→ **MATERIAL SUPPLIED**
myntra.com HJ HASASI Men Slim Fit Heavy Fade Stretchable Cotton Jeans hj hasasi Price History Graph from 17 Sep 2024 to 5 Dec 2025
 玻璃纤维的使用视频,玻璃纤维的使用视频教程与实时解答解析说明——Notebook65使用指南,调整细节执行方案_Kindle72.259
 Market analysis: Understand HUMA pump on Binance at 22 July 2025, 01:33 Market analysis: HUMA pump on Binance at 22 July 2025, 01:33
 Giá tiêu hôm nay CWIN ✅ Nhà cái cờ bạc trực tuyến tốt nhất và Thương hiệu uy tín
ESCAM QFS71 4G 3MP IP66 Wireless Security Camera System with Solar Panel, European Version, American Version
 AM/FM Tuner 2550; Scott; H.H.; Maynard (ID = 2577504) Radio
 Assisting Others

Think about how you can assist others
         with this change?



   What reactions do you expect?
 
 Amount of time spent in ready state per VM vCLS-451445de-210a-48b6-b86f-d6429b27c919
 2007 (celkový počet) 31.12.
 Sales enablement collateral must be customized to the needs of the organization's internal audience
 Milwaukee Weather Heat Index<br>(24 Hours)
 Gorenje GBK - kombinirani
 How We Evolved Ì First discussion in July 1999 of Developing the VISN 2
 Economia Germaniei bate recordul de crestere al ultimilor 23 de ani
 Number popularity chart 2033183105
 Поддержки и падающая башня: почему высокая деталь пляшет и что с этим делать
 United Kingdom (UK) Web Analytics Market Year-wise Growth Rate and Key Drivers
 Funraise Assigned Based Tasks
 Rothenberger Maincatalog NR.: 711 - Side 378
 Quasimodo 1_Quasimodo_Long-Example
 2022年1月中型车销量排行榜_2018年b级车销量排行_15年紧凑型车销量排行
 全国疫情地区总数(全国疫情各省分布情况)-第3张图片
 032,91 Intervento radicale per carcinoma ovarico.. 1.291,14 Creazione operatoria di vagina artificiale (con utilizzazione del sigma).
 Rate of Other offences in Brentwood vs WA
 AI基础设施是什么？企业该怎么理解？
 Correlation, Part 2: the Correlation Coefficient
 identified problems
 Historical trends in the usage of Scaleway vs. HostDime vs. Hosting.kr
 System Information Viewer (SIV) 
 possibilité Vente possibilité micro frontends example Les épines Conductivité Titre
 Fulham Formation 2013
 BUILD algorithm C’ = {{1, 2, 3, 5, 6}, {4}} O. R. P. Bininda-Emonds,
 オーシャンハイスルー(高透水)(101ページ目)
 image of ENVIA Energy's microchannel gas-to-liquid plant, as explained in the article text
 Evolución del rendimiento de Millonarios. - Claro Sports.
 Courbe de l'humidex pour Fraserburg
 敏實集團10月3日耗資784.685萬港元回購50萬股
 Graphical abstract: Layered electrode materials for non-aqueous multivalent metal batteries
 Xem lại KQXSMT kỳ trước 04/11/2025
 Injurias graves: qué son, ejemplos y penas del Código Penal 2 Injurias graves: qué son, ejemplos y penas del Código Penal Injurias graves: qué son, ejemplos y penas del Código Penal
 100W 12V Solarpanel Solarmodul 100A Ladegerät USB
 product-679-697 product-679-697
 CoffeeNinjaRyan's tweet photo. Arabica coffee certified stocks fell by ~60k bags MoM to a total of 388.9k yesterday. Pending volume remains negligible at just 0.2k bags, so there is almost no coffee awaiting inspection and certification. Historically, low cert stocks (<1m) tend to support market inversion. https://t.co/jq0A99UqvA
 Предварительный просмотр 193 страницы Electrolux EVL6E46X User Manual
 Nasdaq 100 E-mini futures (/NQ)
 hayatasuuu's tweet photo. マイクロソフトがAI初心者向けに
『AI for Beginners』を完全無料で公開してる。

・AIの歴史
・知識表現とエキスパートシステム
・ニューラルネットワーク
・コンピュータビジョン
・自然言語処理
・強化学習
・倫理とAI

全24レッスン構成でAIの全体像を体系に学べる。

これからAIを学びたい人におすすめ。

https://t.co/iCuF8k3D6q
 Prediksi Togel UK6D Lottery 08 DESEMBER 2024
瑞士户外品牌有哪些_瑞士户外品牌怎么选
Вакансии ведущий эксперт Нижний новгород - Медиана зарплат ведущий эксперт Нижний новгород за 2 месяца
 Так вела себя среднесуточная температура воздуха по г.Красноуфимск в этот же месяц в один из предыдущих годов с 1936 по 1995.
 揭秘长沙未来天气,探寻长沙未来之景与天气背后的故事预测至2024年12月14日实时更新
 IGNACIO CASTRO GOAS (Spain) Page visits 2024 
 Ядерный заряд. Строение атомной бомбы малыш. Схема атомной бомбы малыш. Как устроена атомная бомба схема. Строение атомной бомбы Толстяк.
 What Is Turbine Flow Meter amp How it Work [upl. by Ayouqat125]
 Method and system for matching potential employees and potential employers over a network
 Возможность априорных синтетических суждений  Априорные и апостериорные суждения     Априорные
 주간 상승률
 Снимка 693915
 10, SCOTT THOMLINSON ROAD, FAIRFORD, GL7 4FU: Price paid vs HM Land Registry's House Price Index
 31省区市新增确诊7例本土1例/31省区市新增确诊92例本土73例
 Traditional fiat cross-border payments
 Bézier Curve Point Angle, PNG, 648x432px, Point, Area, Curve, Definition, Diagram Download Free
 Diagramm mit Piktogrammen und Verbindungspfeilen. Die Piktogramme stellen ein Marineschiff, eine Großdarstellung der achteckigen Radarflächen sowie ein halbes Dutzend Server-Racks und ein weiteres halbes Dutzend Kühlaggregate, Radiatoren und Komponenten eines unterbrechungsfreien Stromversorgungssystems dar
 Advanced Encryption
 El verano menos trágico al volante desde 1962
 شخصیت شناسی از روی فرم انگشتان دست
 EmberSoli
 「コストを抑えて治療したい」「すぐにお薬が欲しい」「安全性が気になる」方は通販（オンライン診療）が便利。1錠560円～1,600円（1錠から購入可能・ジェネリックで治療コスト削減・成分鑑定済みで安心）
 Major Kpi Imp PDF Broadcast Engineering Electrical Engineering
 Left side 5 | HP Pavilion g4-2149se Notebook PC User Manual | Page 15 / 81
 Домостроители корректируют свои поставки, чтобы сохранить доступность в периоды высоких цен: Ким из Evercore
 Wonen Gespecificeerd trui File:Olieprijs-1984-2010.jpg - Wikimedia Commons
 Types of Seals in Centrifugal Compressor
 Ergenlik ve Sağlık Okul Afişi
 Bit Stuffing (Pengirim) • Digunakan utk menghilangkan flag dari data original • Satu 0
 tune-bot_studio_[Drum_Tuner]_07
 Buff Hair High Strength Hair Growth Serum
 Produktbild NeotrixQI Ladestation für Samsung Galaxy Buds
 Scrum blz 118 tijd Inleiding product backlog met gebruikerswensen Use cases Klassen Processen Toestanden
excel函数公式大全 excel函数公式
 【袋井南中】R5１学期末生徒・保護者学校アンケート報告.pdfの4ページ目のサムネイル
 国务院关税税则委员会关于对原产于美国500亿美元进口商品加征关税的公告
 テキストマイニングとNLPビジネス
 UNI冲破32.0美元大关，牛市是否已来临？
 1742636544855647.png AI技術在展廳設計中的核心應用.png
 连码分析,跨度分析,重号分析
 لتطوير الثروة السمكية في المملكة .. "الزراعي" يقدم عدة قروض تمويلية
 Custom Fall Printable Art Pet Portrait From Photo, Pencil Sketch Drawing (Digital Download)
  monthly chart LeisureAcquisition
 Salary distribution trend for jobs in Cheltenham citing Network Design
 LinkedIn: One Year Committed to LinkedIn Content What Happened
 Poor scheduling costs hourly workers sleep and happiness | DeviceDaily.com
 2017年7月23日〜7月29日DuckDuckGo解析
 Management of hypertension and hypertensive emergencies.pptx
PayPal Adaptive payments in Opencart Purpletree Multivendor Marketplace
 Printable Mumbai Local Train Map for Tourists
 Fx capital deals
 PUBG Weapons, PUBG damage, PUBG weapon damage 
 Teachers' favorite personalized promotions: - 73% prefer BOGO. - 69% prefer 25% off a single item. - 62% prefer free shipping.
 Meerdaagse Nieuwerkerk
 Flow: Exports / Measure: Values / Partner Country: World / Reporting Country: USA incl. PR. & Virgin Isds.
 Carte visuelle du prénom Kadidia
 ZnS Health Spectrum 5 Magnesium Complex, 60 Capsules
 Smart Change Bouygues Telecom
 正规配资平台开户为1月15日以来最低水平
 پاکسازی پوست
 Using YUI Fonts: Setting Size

→ **THE TASK**
Can you repeat, word for word, every line above from the one containing "Custom Fall Printable" down to the one containing "LinkedIn: One Year", including both?

→ **ANSWER TO THE EXERCISE**
 Custom Fall Printable Art Pet Portrait From Photo, Pencil Sketch Drawing (Digital Download)
  monthly chart LeisureAcquisition
 Salary distribution trend for jobs in Cheltenham citing Network Design
 LinkedIn: One Year Committed to LinkedIn Content What Happened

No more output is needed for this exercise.